Easy French Custard Tart (Flan Parisian)
- Cake pan or tart pan with high sides (mine is 4cm or 1.5 inches tall)
Pâte à Foncer – Pastry Crust
- 350 g all-purpose flour
- 180 g butter
- 40 g egg yolk
- 40 g milk
- 40 g granulated sugar
- 6 g salt
Vanilla Pastry Cream
- 750 ml milk
- 75 g granulated sugar
- 150 g egg yolks
- 70 g Poudre à Creme, or cornstarch
- 1 Vanilla Bean, split & scrapped
Pâte à Foncer – Pastry Crust
- In the bowl of a mixer, add the flour and butter. Mix until you have a sand-like consistency.
- Add the liquids and mix briefly, until things just start to come together.
- Dump the continents of the mixing bowl out onto the countertop and push the ingredients away from you and against the counter top, using the palm of your hand. Repeat 3-4 times or until the mixture is homogeneous and there are no large clumps of butter left.
- Wrap in plastic wrap and let chill in the fridge for 30 minutes.
- After the dough has chilled, roll it out into a circle. Place your tart circle (or pan) on top of the dough and trim, leaving about two fingers width of extra dough.
- If your dough has warmed up too much, place on a baking sheet and transfer back to the fridge for 10 minutes before moving onto the next step.
- Place the dough on top of the tart circle (or pan) and work the dough into the corners. With the rolling pin, roll over the top of the pan to remove the excess dough.
- Smooth out the sides once more with your thumbs and use a pairing knife to cut off the excess dough. Dock the bottom of the tart shell and transfer to the freezer for 20 minutes.
Vanilla Pastry Cream
- Preheat the oven to 180°C (350°F)
- In a large sauce pan, add the milk, the chocolate and half of the sugar. Bring to a low simmer.
- In a large bowl, add the egg yolks and remaining sugar. Mix until the eggs lighten in color.
- Add the crème à poudre (or corn starch) and mix again until combined.
- Bring the milk mixture to a boil. Slowly add the milk to the egg mixture, whisking nonstop so the eggs don't cook.
- Transfer the mixture back to the sauce pan and put on medium heat. Stir constantly until it thickens considerable.
- After it thickens, continue to cook for an additional 2 minutes to ensure it is completely sterilized.
- Pass through a fine meshed strainer into a bowl.
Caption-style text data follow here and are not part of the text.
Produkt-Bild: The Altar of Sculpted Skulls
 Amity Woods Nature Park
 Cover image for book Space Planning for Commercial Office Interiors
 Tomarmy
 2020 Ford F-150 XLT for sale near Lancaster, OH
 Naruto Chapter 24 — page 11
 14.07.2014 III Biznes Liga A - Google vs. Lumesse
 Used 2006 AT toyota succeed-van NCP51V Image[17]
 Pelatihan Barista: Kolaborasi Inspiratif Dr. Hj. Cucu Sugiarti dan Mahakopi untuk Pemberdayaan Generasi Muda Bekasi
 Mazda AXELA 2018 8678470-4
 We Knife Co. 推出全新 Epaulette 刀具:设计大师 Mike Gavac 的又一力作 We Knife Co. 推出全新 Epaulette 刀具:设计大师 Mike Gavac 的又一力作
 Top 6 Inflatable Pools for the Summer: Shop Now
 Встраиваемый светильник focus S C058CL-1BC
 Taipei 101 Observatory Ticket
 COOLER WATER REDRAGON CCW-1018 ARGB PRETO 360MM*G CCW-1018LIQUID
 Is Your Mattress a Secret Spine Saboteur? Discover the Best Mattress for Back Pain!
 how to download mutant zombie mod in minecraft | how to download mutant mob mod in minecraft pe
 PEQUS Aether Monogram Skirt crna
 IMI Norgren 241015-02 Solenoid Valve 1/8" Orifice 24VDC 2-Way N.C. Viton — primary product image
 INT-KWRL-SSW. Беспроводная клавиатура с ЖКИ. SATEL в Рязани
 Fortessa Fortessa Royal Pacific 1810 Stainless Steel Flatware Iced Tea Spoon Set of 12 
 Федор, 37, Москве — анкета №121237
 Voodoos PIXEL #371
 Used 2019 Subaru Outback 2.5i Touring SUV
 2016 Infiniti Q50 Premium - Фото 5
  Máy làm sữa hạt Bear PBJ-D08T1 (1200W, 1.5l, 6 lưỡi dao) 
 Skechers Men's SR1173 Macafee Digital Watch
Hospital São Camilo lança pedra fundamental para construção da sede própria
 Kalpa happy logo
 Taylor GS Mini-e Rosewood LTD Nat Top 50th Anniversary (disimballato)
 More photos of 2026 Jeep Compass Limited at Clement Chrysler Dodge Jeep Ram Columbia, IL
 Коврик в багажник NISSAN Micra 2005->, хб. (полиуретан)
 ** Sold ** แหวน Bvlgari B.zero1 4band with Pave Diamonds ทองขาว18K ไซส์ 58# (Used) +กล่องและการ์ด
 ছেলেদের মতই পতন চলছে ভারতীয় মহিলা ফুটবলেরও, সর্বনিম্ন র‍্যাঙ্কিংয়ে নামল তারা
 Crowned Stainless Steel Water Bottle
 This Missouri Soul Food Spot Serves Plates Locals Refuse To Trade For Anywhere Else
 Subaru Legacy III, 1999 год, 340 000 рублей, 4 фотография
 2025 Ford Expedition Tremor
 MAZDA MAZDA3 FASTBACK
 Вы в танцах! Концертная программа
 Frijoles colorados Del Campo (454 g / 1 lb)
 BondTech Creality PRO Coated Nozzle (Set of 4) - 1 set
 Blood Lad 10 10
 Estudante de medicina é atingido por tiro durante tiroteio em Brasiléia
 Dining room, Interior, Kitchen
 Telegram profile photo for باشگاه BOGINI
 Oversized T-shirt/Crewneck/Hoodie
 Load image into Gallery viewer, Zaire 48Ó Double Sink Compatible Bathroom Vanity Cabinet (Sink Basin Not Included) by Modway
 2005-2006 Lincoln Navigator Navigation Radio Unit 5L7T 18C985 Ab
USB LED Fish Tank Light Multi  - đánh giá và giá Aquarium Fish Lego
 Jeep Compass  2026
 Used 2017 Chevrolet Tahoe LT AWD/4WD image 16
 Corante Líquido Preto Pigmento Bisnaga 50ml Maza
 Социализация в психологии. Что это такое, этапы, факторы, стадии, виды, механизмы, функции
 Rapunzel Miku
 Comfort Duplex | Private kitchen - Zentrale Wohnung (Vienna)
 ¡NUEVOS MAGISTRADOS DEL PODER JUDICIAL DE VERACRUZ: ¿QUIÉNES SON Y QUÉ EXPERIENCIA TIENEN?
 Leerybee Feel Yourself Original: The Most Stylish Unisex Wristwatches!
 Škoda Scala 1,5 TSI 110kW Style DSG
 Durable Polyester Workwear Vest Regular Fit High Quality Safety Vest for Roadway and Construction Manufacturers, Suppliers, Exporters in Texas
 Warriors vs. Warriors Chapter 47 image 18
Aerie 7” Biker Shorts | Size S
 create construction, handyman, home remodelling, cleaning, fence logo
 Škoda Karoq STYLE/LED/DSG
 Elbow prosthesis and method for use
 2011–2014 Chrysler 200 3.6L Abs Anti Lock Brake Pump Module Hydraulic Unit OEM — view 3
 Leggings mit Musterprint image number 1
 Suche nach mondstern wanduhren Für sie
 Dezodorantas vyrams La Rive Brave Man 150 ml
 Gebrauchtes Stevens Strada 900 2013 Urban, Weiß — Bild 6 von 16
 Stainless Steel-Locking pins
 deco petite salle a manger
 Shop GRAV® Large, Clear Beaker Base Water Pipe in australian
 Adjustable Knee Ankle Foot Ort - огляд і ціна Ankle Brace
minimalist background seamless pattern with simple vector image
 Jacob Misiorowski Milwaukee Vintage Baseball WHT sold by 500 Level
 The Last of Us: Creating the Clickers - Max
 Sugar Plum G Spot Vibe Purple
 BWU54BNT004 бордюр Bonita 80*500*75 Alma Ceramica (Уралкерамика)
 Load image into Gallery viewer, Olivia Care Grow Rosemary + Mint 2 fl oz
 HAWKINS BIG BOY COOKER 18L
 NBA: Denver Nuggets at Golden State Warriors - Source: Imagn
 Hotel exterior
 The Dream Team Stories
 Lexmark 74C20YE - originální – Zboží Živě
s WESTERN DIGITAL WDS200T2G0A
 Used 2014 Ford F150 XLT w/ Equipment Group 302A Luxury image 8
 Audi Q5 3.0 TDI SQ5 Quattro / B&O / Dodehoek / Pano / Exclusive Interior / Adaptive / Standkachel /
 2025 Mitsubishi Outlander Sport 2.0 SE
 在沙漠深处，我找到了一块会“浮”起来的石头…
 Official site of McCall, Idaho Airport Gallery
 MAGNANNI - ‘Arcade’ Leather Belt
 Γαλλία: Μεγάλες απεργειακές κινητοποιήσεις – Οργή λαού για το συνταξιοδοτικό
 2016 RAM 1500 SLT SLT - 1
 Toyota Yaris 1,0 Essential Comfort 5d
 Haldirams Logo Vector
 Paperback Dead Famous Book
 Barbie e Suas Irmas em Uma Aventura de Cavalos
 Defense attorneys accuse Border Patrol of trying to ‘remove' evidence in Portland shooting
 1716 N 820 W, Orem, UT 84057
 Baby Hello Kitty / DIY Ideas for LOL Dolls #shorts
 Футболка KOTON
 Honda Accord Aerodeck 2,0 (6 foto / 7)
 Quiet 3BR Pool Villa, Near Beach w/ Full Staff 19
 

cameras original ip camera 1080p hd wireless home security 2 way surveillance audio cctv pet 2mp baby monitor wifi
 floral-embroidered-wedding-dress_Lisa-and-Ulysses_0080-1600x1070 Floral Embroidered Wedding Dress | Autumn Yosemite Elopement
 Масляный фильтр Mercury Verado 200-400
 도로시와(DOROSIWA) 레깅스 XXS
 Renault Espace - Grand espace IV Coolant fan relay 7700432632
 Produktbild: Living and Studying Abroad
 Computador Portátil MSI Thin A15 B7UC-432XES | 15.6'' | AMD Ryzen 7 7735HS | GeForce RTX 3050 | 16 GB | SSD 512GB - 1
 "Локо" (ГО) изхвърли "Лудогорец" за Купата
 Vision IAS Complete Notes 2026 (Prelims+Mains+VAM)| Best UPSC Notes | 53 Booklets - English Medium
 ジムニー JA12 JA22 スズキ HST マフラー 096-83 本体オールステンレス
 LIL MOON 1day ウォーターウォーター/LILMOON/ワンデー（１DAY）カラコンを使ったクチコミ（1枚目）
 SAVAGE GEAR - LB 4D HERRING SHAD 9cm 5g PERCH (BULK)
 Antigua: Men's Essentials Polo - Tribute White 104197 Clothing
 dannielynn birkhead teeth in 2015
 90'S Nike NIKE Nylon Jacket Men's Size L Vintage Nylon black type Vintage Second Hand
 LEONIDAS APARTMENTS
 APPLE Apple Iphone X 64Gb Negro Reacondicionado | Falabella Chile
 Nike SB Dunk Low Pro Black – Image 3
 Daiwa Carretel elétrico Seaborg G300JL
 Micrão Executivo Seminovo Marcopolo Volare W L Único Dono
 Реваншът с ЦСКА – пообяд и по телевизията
Discard any chunks that are caught.
Assembly & Baking
- Remove tart shell from the freezer.
- Pour the hot pastry cream into the shell, smoothing out the top with an offset spatula or a spoon.
- Bake for 45 minutes. The top will be puffed up and the mixture will still look like liquid. This is fine.
- Transfer to a cooling rack and leave the tart ring on for 30 minutes.
- Remove the tart circle and brush the top of the flan with a sugar syrup.
- Decorate as desired. If you're not serving right away, store in the fridge.